Activities & Programs
Grade 7 - New France and British North America: A Healthcare Perspective
Visit the Museum
Grade 7 - New France and British North America: A Healthcare Perspective
PROGRAM PLAN
Lesson 1:
Pre-visit activities, included in our package, to be facilitated by the classroom teacher (60 minutes).
Lesson 2:
The Museum teacher's visit to your classroom will require at about two hours of class time, and can fill an afternoon, if you wish. It will involve a PowerPoint introducation, then group work, and finally a debriefing, summary activity. Working in groups, students will complete activities at the following five stations:
- Station 1: Medical practices before 1850: Cholera in general
Through illustrations, artefacts, and written documents, students discover how doctors treated cholera victims before it was known that a bacterium causes cholera.
- Station 2: Medical practices before 1850: The Case of Private Mullany
Students will measure out "medications" to reconstruct treatments experienced by an actual young soldier who contracted cholera in Quebec City in 1832, and survived!

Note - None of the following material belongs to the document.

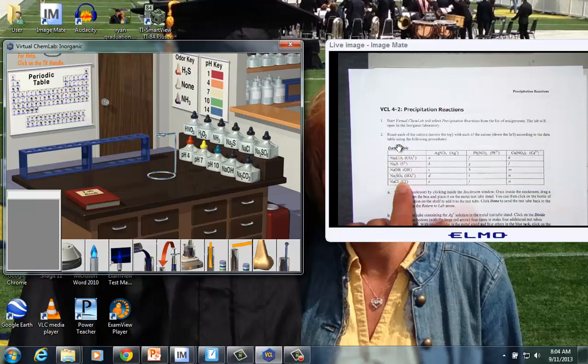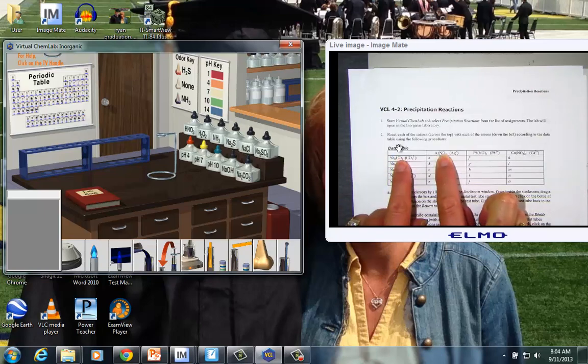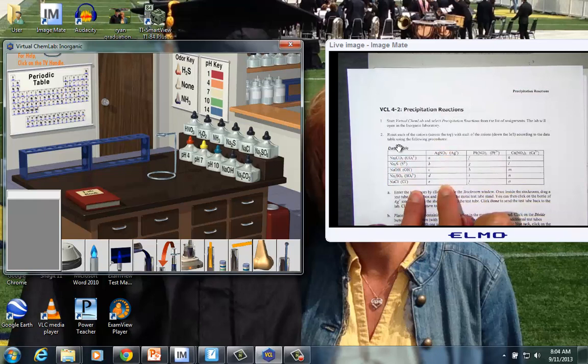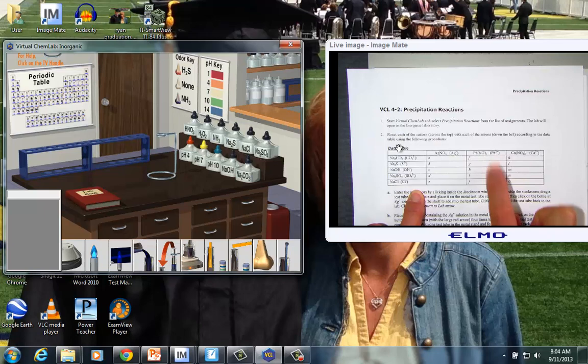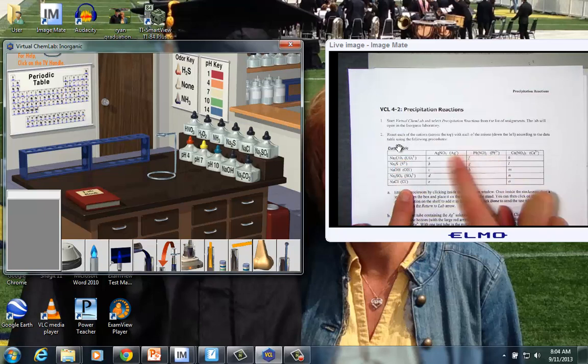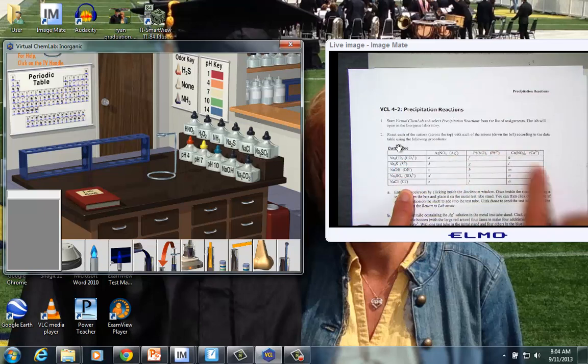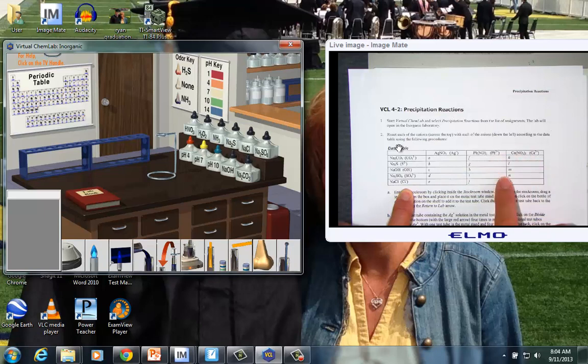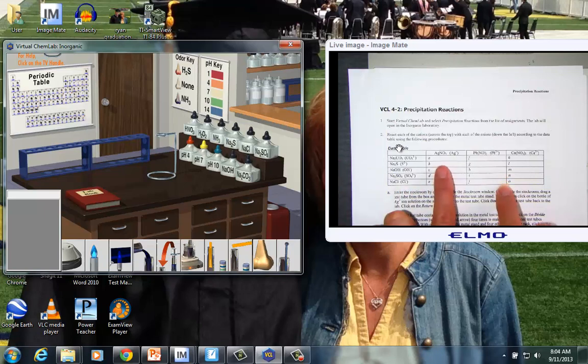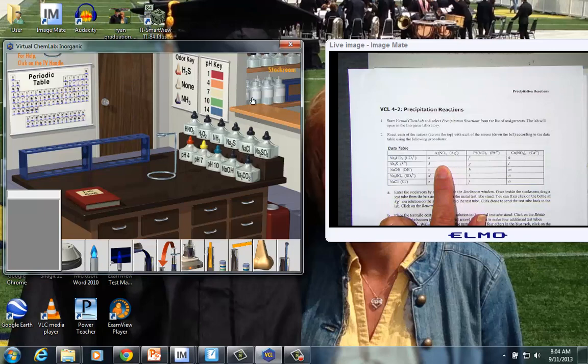So we'd like to react silver nitrate with sodium carbonate, silver nitrate with sodium sulfide, and so forth. We move to the next cation. So we react each of these negative ions with each of the positives, and all we're being asked to do here is record observations. If a precipitate forms, we should see evidence of a chemical change. So let's model how to go about getting started.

- Station 3: Development of Public Health
Although cholera and other epidemics were not the main causes of death during the nineteenth century, they appeared so suddenly, attacked so ferociously, and killed so many in such short periods of time that they, cholera in particular, led to the development of Public Health, that is, to a government taking responsibility for organizing measures that would help avoid or minimize these diseases in areas under its jurisdiction.Through a graphing exercise, students investigate patterns of emigration from the British Isles to British North America and disease epidemics in British North America.
- Station 4: When First Nations & Europeans met: Healthcare consequences
Through an active game emphasizing the mechanics of immunity, students discover why European diseases had such a devastating effect on some First Nations' peoples.
- Station 5: Early Canadians providing Health Care
Students learn about early Canadian healthcare providers and their contributions to the understanding of disease and its treatment, and to Canadian history. Students assess which of these they believe should be added to the Canadian Medical Hall of Fame.
Lesson 3:
Post-visit activities, included in our package, to be administered by the classroom teacher.